### TASK DIRECTIONS
Begin with the line below holding "脂肪吸引（お腹） / 脂肪吸引（お尻）" and go on through the line holding "Sederet Faktor hingga", duplicating each line exactly and leaving out pictures.
━━━━━ DATA FOR PROCESSING ━━━━━
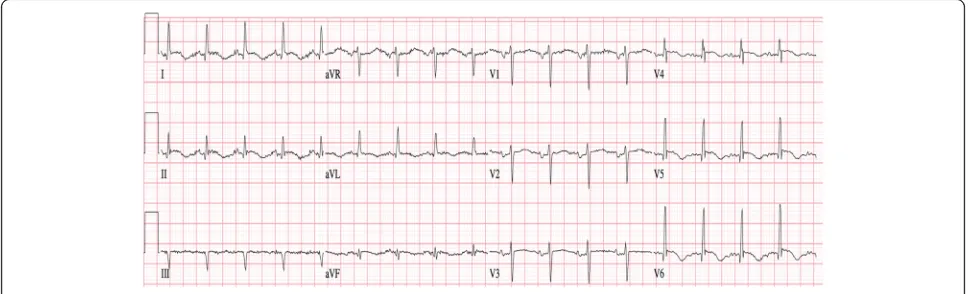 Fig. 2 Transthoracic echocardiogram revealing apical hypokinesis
━━━━━
━━━━━ DATA FOR PROCESSING ━━━━━
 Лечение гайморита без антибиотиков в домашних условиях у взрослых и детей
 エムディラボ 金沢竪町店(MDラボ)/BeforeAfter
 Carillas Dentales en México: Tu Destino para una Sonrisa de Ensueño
━━━━━
━━━━━ DATA FOR PROCESSING ━━━━━
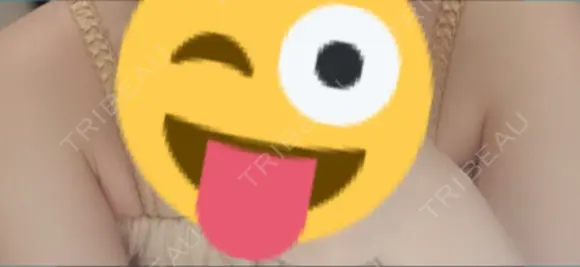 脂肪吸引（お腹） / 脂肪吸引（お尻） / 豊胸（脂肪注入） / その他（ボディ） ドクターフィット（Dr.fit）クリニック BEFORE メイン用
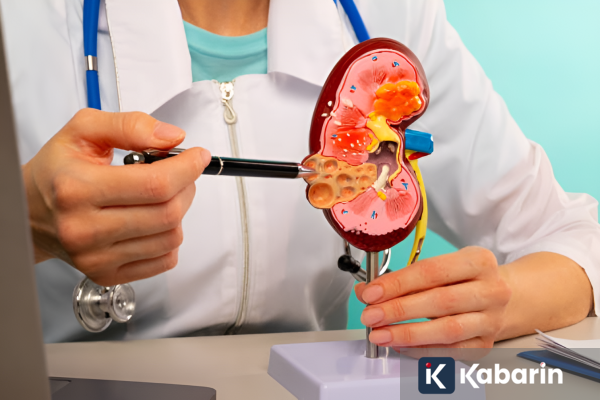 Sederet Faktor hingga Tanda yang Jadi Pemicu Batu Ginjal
━━━━━
### RESPONSE AREA
 脂肪吸引（お腹） / 脂肪吸引（お尻） / 豊胸（脂肪注入） / その他（ボディ） ドクターフィット（Dr.fit）クリニック BEFORE メイン用
 Sederet Faktor hingga Tanda yang Jadi Pemicu Batu Ginjal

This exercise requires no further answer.